Directions: Return each line below exactly as it reads, and omit any image in it.

Dataset section:

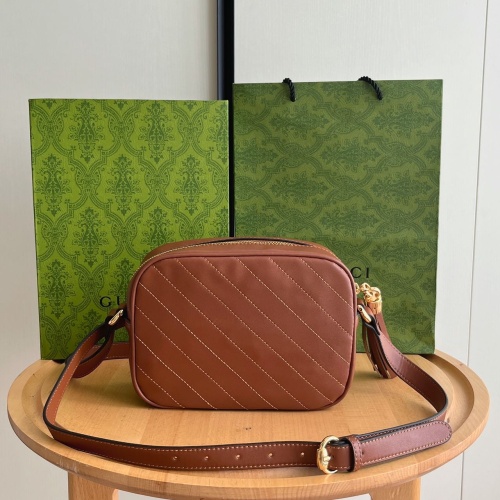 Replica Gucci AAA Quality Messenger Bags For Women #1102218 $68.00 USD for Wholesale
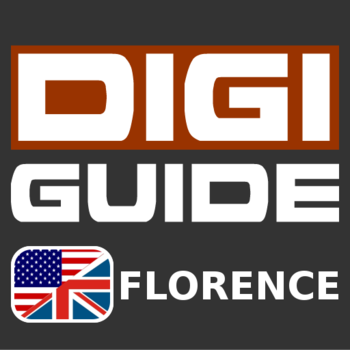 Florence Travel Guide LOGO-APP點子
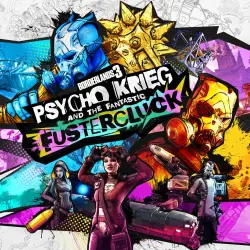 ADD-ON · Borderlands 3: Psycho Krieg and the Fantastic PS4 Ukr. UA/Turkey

Solution to the exercise:
 Replica Gucci AAA Quality Messenger Bags For Women #1102218 $68.00 USD for Wholesale
 Florence Travel Guide LOGO-APP點子
 ADD-ON · Borderlands 3: Psycho Krieg and the Fantastic PS4 Ukr. UA/Turkey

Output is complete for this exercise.